4 days ago the Japanese Aerospace Exploration Agency (JAXA) launched the first flight ready version of their HII Transfer Vehicle (HTV) line. Whilst on the surface that might not sound like much it marks a significant step forward in Japan’s space capability, as up until now their involvement with the Internation Space Station only involved the Kibo laboratory, all of which was hoisted up by their American counter-parts. It’s quite an interesting craft due to the omission of certain things and the reason it was built. Before I get into that however here’s a bit of eye candy showing it’s rendezous with the International Space Station:http://www.youtube.com/watch?v=115pSsW9aXU
Apart from the amazing view of earth that this video shows it also demonstrates one of the oddities of the craft. Now the HTV isn’t the first of this kind of spacecraft to visit the ISS. The most frequent visitor is the Russian Progress craft, which has been responsible for delivering the majority of supplies to the space station. It’s basically a Soyuz craft minus all the gear to support a crew replaced with cargo storage, as it was impractical for the Soyuz craft to be used for both crew and cargo (it is quite small after all). The other is the European Space Agency’s Automated Transfer Vehicle (ATV) which made its madon voyage to the ISS in March last year. What separates these from the HTV is that they both have an automated docking capability allowing them to hook up to the space station with no involvement from the ISS crew. That’s why you see the CANADARM2 stretching out to grab it. You’re probably wondering then, why the heck do we need another cargo ship to supply the ISS and beyond?
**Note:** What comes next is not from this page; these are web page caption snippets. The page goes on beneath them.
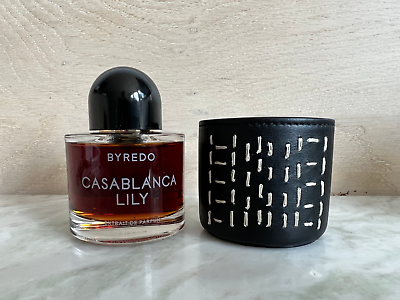 BYREDO CASABLANCA LILY EXTRAIT 50ml + Kantha Leather Perfume BYREDO CASABLANCA LILY EXTRAIT 50ml + Kantha Leather Perfume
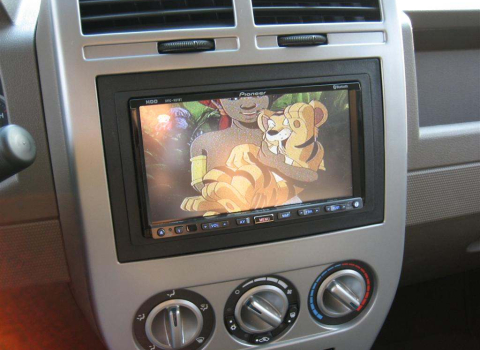 Jeep Compass Car Cinema Navigation Pioneer Avic HD1BT.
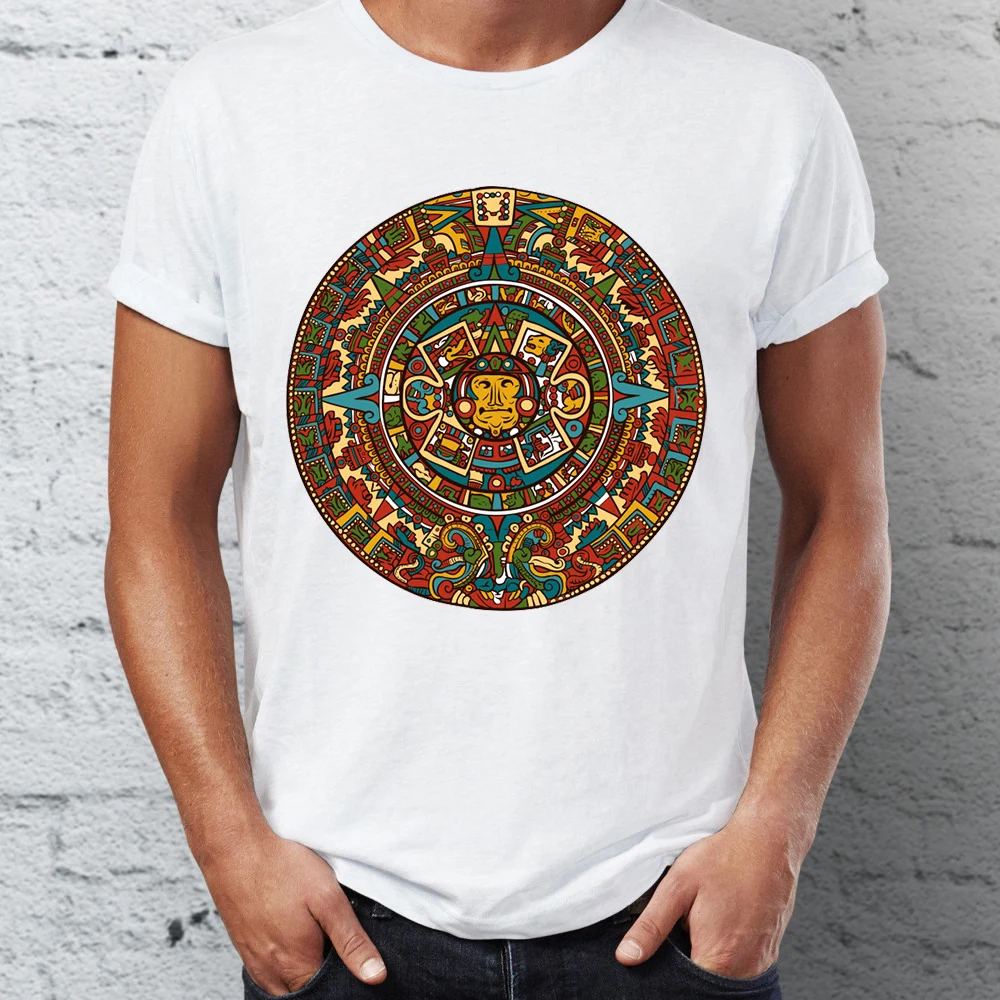 Men's T Shirt Aztec Calendar Cool Artsy Teein TShirts from Men's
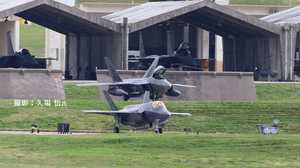 国内で初めて米空軍ステルス戦闘機F-22A&F-35A揃い踏み
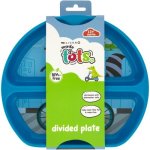 Made 4 Tots Divided Plate Blue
The HTV is something of a special purpose craft. Whilst its payload capacity is less than that of the ATV it does sport a much larger docking portal. That by itself doesn’t sound like much but the ATV can’t carry the Interational Standard Payload Racks because of this limitation. The only other way of getting these things inside the ISS is through Multi-Purpose Logistic Modules which fly with the space shuttle, something which is scheduled to stop happening in the near future. In essence the craft is a cheaper alternative to getting standard cargo payloads up to the station once the shuttle is retired, which is a good niche for JAXA to fill.
It might not be the most sexy or exciting craft around but the more countries that develop a capability like this means a lot to humanity at large. We’re starting to see a critical mass developing in both the public and private sector space industries and for a space nut like myself it provides many an hour of slack jawed reading and gazing. Japan’s fresh view on how to get cargo into space is an idea that not many have considered in the past and I hope they continue their involvement past this endeavour.